Perinatal Network of Monroe County

t is not uncommon to hear about babies born early and tiny who are miraculously saved by modern medicine and the efforts of a neonatal intensive care unit, and we take theses medical advances for granted. Child birth is so common place that it seems as though all of our childbirth problems have been solved. In our gratitude, however, we need to remember the very real consequences of low birth weight and preterm delivery. premature babies aren't just small babies; they're babies who aren't finished developing.


  • Prematurity is the leading killer of babies in their first month of life and a major cause of long-term health problems, including cerebral palsy, mental retardation, blindness, chronic ling problems.

  • Low birth weight children score significantly lower on intelligence tests that do children of normal birth weight, even when sociodemographic risk factors are taken into account.

  • Researchers diagnosed attention-deficit hyperactivity disorder in 16% of the children born with birth weights of less than 1,000 grams (2 pounds, 3 ounces) compared with 6.9% of the children in a matched control group.

Taken as a whole, Monroe County appears to compare favorably to state and national targets for healthy births. However, there are nine zip codes within the county - all clustered around the center of the city of Rochester - that fall within the 20% of all New York State zip codes for high risk (defined by risk factors and birth outcomes).


While 8.2% of families county-wide live below the poverty level, nearly 43% of families in the city's poorest zip code do. Related sociodemographic factors follow suit: these are deeply challenged neighborhoods. The disparity in risk factors and birth outcomes predicts continuing cycles of individual and community stress.


Compared to the county average, women in the nine-zip area are nearly twice as likely to have low birth weight babies, over 40% more likely to deliver pre-term, annd are nearly twice as likely to have their babies die within the first year.

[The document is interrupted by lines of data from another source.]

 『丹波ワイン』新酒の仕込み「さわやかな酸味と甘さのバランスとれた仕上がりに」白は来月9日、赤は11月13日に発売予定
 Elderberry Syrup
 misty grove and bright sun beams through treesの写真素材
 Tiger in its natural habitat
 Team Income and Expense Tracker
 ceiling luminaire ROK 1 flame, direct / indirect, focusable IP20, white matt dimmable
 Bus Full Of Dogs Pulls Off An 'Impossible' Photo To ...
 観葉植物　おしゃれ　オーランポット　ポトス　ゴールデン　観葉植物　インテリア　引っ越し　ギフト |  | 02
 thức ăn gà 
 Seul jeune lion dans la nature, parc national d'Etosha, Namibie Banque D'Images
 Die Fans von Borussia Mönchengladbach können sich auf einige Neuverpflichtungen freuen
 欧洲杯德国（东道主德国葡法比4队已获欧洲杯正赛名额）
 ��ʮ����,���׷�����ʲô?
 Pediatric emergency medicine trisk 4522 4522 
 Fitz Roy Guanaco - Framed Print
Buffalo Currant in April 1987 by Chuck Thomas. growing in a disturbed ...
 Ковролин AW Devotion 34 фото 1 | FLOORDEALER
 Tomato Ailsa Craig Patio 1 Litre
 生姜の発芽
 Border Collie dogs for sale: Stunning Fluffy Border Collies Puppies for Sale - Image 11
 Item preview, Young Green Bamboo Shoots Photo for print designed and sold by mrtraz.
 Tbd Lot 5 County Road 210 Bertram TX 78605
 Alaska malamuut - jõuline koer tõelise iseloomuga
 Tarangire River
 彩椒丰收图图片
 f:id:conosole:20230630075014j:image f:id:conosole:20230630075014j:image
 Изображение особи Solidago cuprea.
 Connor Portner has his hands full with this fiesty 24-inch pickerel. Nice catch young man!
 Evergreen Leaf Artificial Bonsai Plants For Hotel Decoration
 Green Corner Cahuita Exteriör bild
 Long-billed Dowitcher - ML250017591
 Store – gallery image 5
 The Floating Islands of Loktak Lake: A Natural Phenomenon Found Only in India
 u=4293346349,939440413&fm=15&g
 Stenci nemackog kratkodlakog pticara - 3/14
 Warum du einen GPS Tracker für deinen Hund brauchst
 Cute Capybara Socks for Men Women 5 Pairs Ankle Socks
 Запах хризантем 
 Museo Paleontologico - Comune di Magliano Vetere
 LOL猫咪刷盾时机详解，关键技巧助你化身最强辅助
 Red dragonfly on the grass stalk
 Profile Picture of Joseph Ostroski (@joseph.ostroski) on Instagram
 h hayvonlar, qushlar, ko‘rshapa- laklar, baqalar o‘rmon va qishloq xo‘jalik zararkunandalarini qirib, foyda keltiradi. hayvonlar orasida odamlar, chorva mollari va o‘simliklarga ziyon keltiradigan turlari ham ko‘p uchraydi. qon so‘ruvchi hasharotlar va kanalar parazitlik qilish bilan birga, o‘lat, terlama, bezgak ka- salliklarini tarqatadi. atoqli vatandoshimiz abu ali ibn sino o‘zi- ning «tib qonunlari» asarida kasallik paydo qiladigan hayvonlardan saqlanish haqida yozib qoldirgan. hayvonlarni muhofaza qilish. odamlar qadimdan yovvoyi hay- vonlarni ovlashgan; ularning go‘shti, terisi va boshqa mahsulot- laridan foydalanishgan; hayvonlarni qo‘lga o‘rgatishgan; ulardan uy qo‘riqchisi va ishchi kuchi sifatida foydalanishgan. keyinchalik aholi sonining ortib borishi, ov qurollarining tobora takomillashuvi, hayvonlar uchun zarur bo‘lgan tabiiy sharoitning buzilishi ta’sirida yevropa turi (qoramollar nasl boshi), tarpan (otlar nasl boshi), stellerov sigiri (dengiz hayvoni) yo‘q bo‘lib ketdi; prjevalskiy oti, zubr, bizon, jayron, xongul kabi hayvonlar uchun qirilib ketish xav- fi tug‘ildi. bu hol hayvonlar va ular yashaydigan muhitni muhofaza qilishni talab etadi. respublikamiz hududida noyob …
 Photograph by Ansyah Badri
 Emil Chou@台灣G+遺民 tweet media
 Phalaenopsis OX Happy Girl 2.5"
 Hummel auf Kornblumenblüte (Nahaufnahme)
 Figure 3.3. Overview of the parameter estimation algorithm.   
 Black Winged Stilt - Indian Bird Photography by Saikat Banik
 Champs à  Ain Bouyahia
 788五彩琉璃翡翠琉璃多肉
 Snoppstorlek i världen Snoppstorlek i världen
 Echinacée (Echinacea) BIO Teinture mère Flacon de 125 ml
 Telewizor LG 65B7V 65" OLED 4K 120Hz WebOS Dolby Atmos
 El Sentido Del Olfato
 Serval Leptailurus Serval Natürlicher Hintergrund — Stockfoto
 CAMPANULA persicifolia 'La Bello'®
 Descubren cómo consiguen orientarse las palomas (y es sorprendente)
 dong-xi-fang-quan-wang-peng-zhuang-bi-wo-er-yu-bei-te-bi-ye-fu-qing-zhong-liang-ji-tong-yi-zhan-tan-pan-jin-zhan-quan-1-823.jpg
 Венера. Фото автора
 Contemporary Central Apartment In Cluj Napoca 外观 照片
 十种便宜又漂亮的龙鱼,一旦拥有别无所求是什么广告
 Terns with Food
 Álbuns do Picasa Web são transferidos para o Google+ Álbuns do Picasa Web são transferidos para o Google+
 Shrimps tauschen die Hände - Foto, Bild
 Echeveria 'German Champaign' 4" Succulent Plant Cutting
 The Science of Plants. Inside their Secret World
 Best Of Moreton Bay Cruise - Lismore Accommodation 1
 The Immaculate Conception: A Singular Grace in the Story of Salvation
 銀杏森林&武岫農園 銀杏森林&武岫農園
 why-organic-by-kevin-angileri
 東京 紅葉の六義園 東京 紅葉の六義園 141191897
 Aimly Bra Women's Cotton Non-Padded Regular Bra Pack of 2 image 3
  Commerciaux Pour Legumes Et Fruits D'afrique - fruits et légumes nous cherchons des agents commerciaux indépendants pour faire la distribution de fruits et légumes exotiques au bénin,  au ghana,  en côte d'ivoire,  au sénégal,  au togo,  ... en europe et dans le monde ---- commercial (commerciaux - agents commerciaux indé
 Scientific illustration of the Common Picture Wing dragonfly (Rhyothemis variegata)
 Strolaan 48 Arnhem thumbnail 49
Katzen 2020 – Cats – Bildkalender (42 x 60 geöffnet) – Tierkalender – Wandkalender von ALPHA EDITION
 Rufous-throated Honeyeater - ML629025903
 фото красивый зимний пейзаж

The Perinatal Network of Monroe County is committed to finding and sharing solutions that protect Rochester's babies. PNMC exists to improve the perinatal health care system in Monroe County, with a particular emphasis on access to and utilization of health and human services to improve pregnancy outcomes. Their focus is not on direct service delivery, but rather on identifying systemic barriers to healthy births and addressing them in collaboration with service providers.


PNMC pursues three pathways to better birth outcomes:
  • They bring perinatal information to non-perinatal health and human services organizations.

  • They facilitate coordination of the efforts of health and human services providers around perinatal services.

  • they develop and disseminate information and tools to increase the efficiency and effectiveness of perinatal service delivery.

Non-Perinatal Health and Human Services:
  • PNMC continues to sponsor the Rochester Outreach Workers Associiation to provide workers from throughout the community an opportunity to increase their skills, to learn how they can link women to perinatal services, and learn about one another's programs and services.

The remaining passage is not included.